[datafusion-spark] Implement ceil&floor function for spark
Which issue does this PR close?
- Closes #15916
Rationale for this change
Add Spark-style ceil&floor function, the differences between DataFusion and Spark's implementations of mathematical functions ceil and floor:
-
Function Signatures:
- Spark provides a more flexible implementation with
ceil(x, scale)accepting two parameters - DataFusion only implements the single parameter version
ceil(x)
- Spark provides a more flexible implementation with
-
Type Support:
- Spark has broader type support, handling INTEGER, DECIMAL, DOUBLE, and FLOAT types
- DataFusion currently only supports Float32 and Float64 types
What changes are included in this PR?
Add new ceil&floor function.
Are these changes tested?
Yes.
Are there any user-facing changes?
No.
@irenjj Here are some tests for ceil and floor that you can re-use. Sail adheres to Spark SQL syntax, so you may need to adjust as needed for this pr:
- https://github.com/lakehq/sail/blob/main/python/pysail/tests/spark/function/test_ceil.txt
- https://github.com/lakehq/sail/blob/main/python/pysail/tests/spark/function/test_floor.txt
@irenjj I'll review this by tomorrow!
I'm not a committer though, so we'll still need a review from someone else as well. cc @alamb @andygrove
Hi @irenjj. Could you explain in the PR description how these functions differ from the standard DataFusion implementation (i.e., what is Spark-specific about them)? That will help with reviews.
@parthchandra @huaxingao @comphead @mbutrovich @kazuyukitanimura, FYI, in case you want to review. In Comet, we are currently using DataFusion's ceil and floor functions and have not specialized for Spark.
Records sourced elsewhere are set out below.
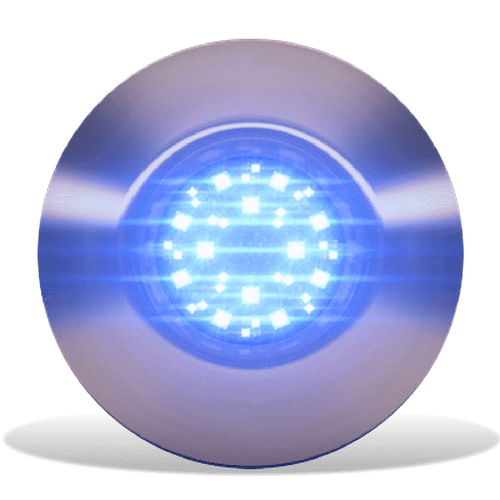 Iluminación subacuática para barco - SUPRA TIX403 - Lumishore USA LLC - para yate / LED / pasacascos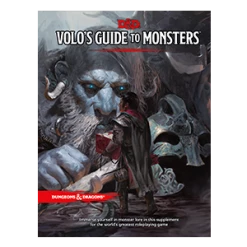 Gametraders Rouse Hill Dungeons & Dragons Dungeons And Dragons Volos Guide To Monsters
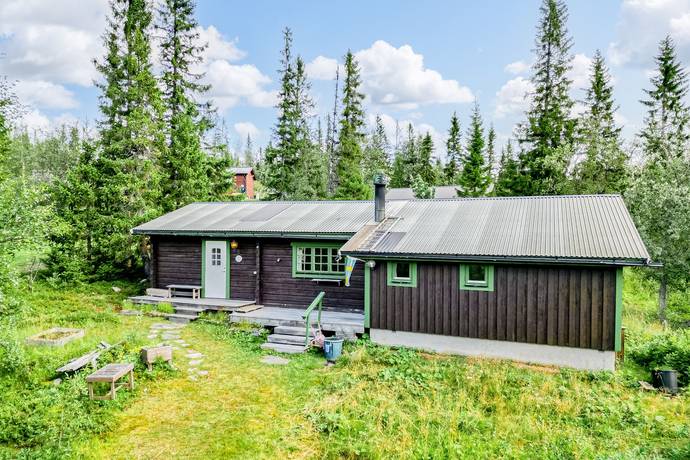 5 rum fritidshus på Ottsjö Fjällvägen 6 Ottsjö, Åre kommun - bild 5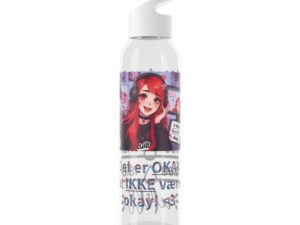 Mettemus1995 Vandflaske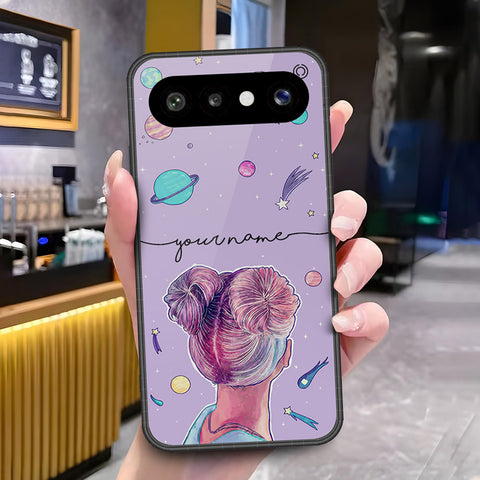 Vivo X300 FE (Russia) Cover - ONation Your Name Series - HQ Premium Shine Durable Shatterproof Case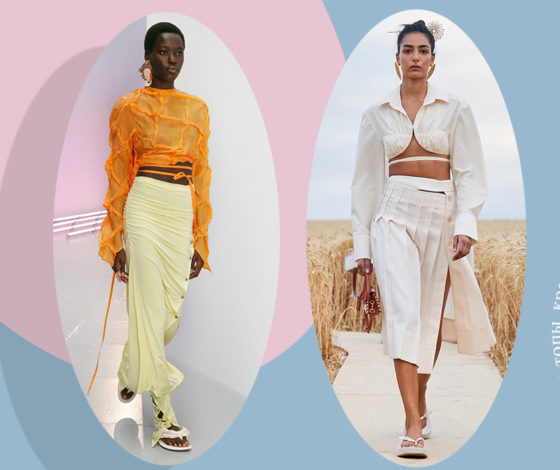 Гид по самым модным кроп-топам этого лета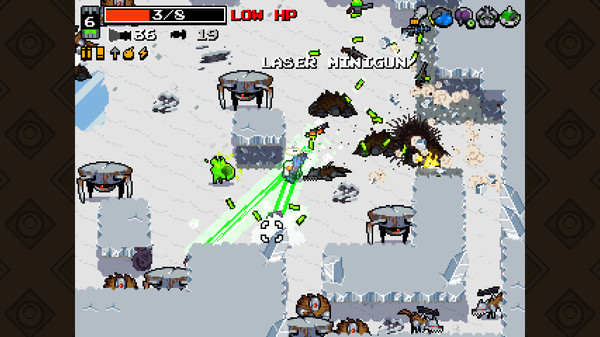 Nuclear Throne image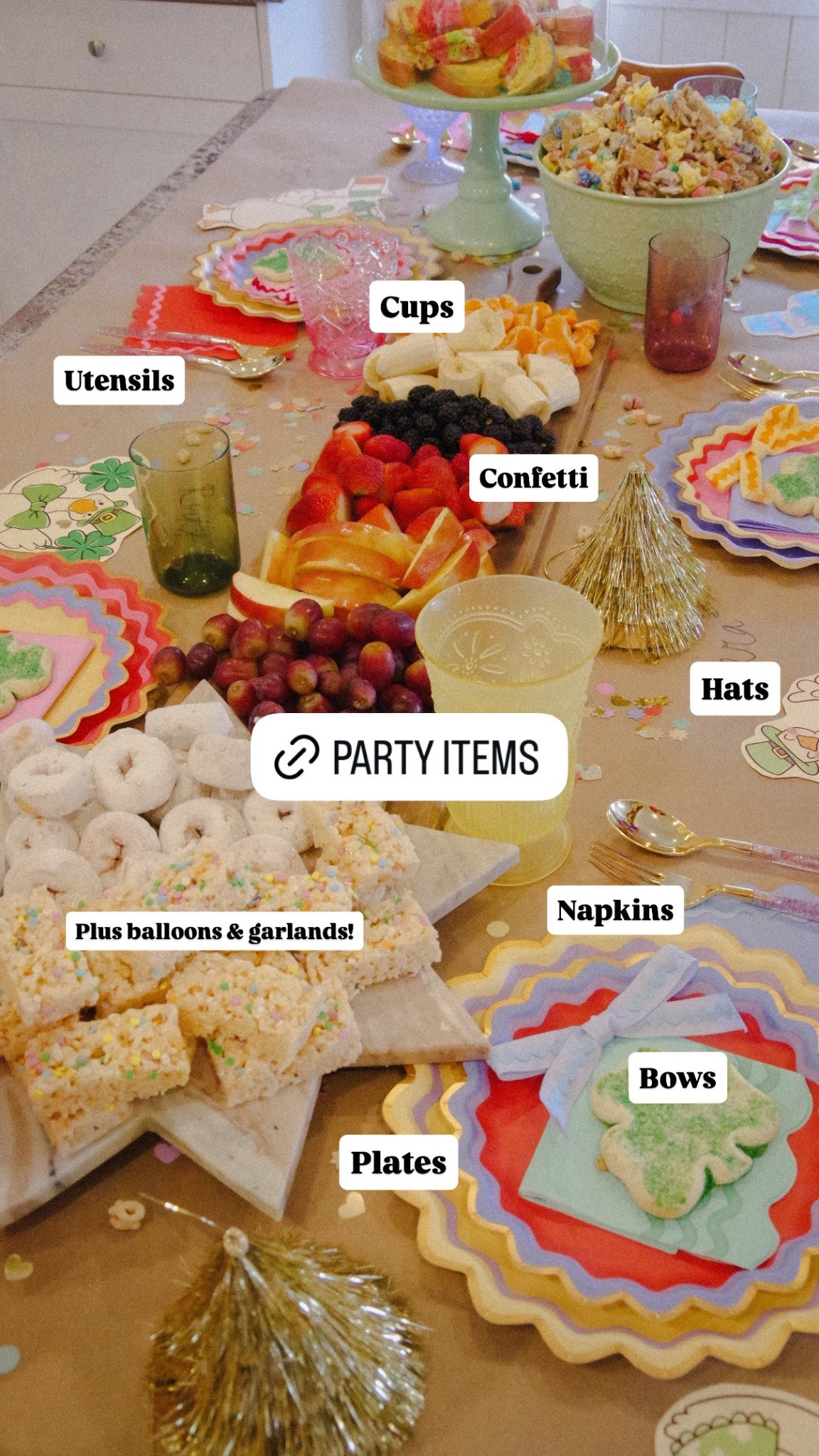 Party items that are pretty much perfect for any party!

#LTKFestival #LTKmomlife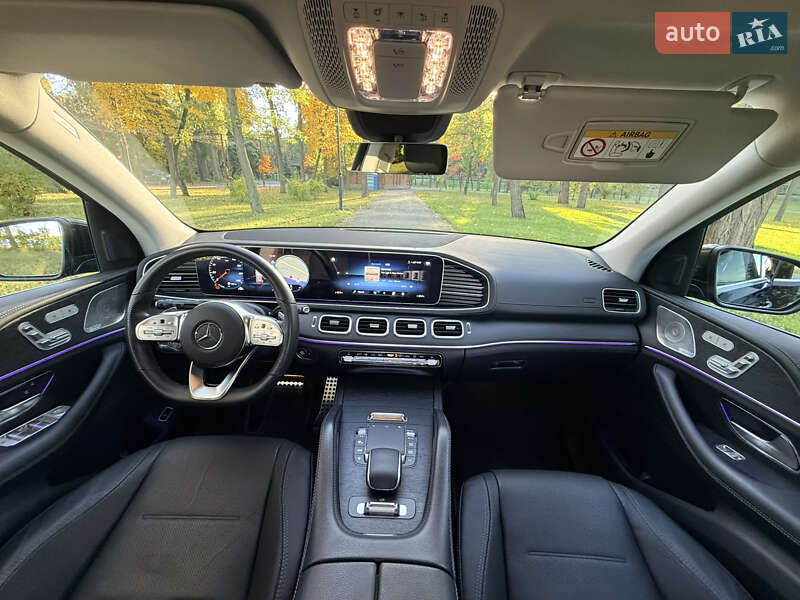 Позашляховик / Кросовер Mercedes-Benz GLE-Class 2022 в Києві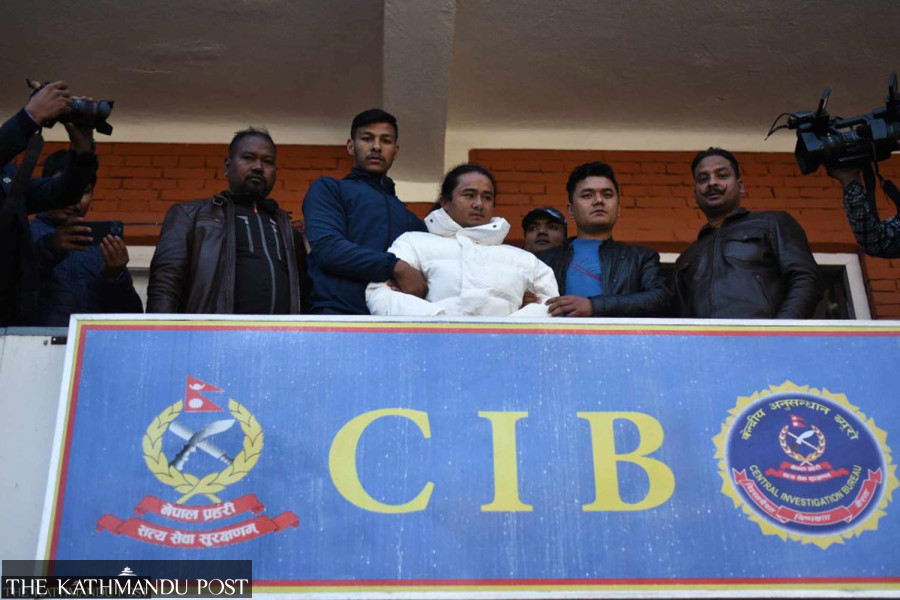 ‘Buddha Boy’ Bomjan sentenced to 10 years in jail for child sex abuse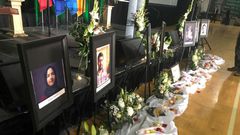 Most of the victims were Iranian and Canadian citizens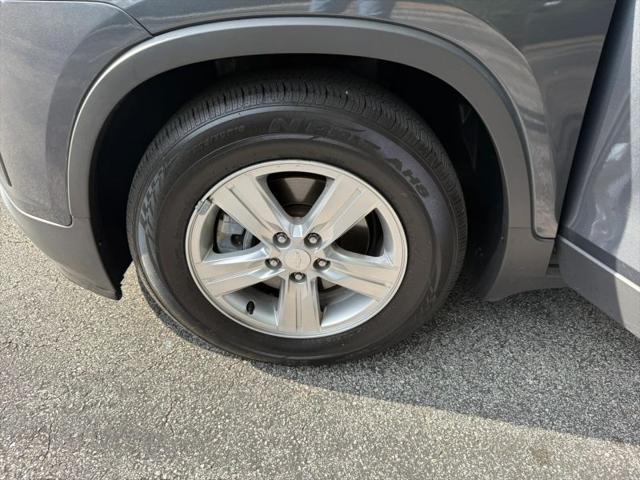 2016 Chevrolet Trax LT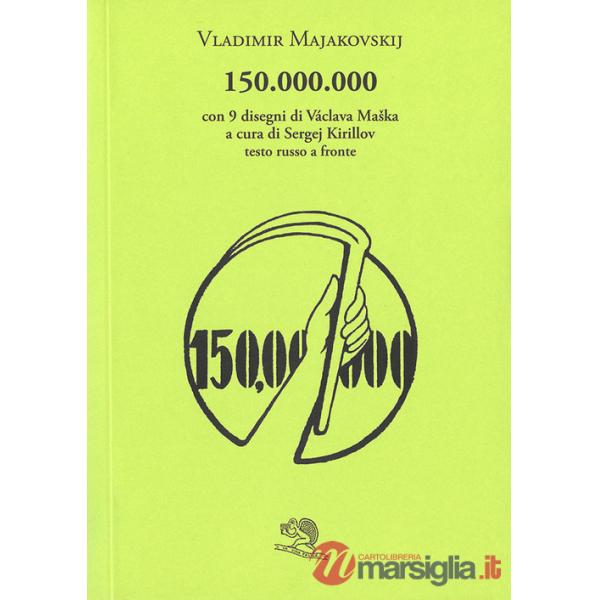 150.000.000. Testo russo a fronte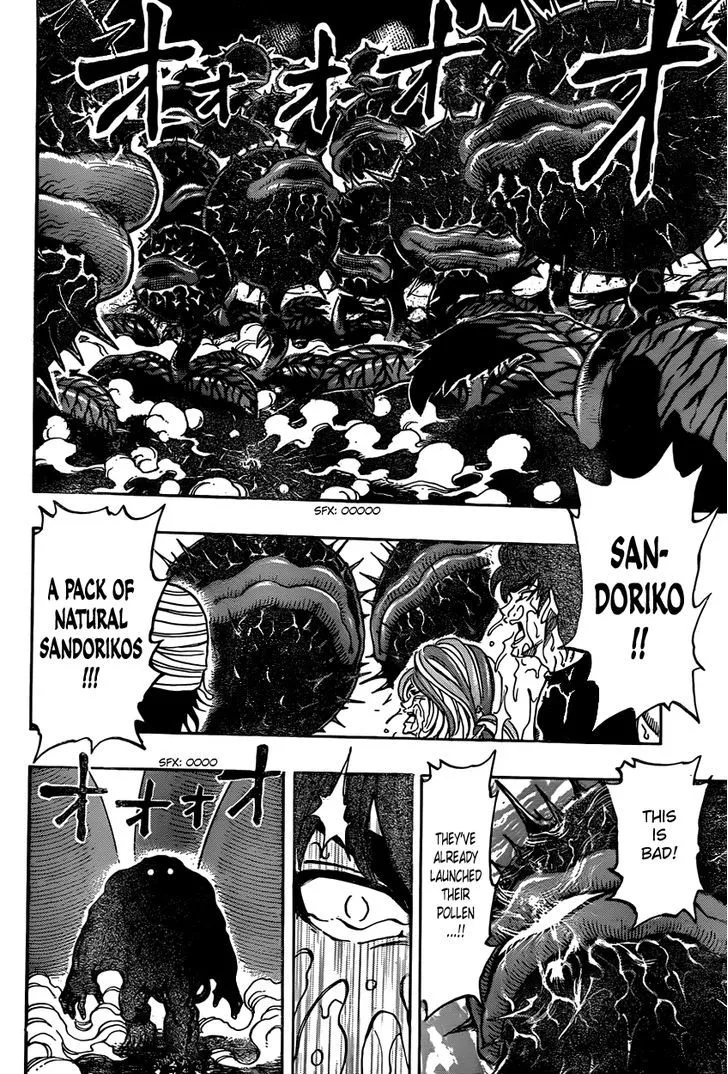 Toriko Mangakakalot X Chapter 315 Page 14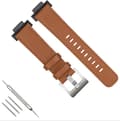 Miniatyrbilde 3 av 4: INF Klokkebånd i ekte skinn for Casio G-SHOCK DW-5600/GWB5600/GA-2100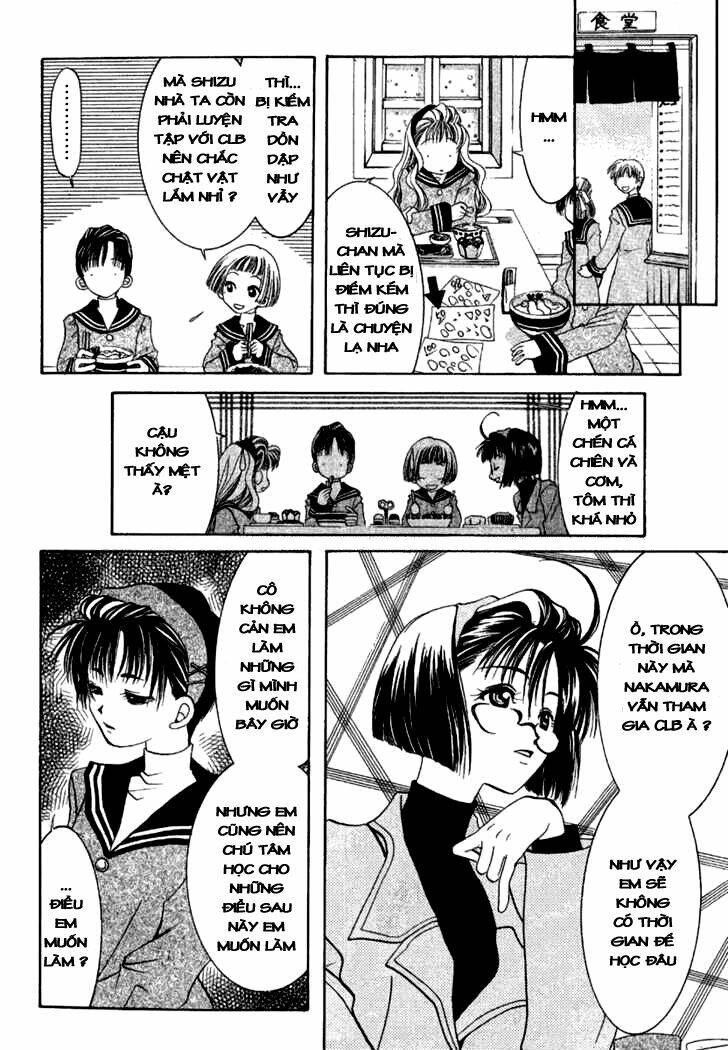 ohisama egao chapter 4 11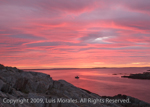 Maine Sunrise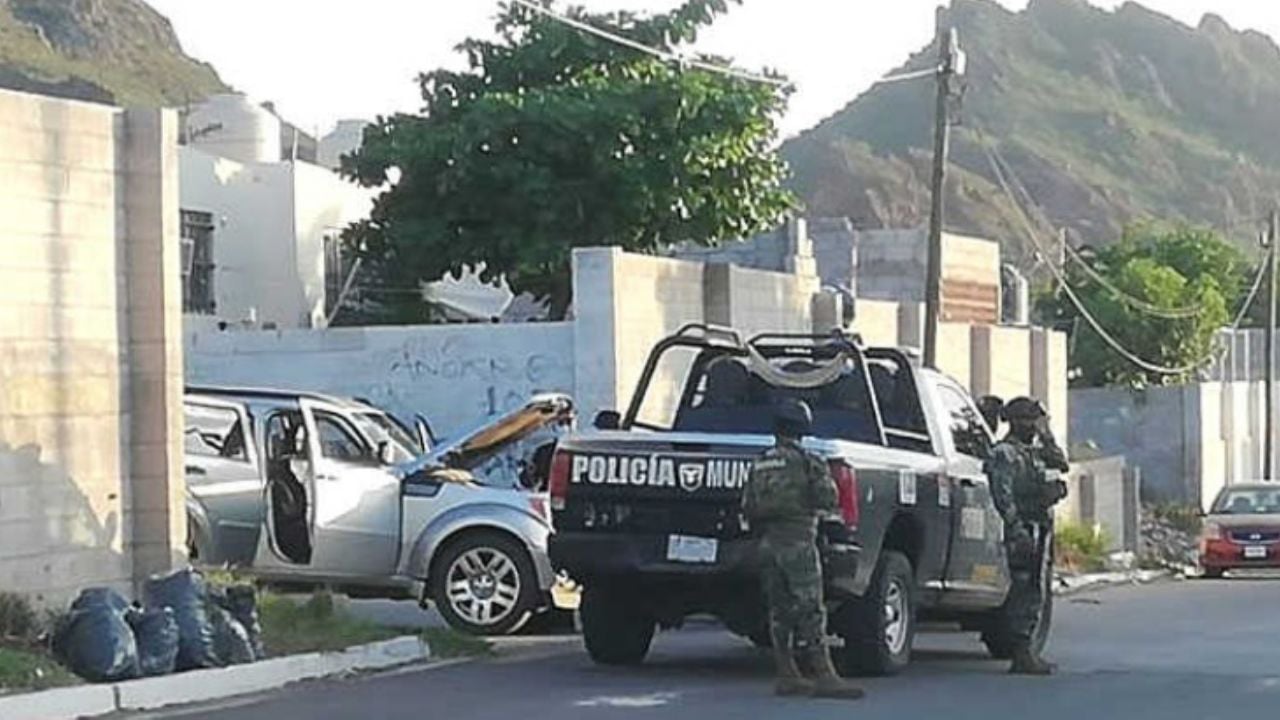 Guaymas: Detienen a cuatro y liberan a presunto privado de la libertad en operativo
@irenjj - I wonder if you would be willing to help pick this PR back up now that we have merged a PR with a bunch of tests from @shehabgamin here:
- https://github.com/apache/datafusion/pull/16409
We are hoping to generate some example PRs to use when starting to fill out the rest of the functions and I was thinking this one might be a good one
@irenjj - I wonder if you would be willing to help pick this PR back up now that we have merged a PR with a bunch of tests from @shehabgamin here:
We are hoping to generate some example PRs to use when starting to fill out the rest of the functions and I was thinking this one might be a good one
Sure! I need some time to figure out why new added ceil/floor only works with one argument(it seems datafusion has an original implementation for ceil/floor), i'll do this work next week(little busy this week) -- Sorry for dragging out this PR for so long @shehabgamin @andygrove
@irenjj - I wonder if you would be willing to help pick this PR back up now that we have merged a PR with a bunch of tests from @shehabgamin here:
We are hoping to generate some example PRs to use when starting to fill out the rest of the functions and I was thinking this one might be a good one
Sure! I need some time to figure out why new added ceil/floor only works with one argument(it seems datafusion has an original implementation for ceil/floor), i'll do this work next week(little busy this week) -- Sorry for dragging out this PR for so long @shehabgamin @andygrove
Thanks @irenjj -- no worries about the timing. I know you are busy and are also on the leading edge of these spark functions (so the process of implementation is a bit rough). Thank you for helping us figure it out
Thank you for your contribution. Unfortunately, this pull request is stale because it has been open 60 days with no activity. Please remove the stale label or comment or this will be closed in 7 days.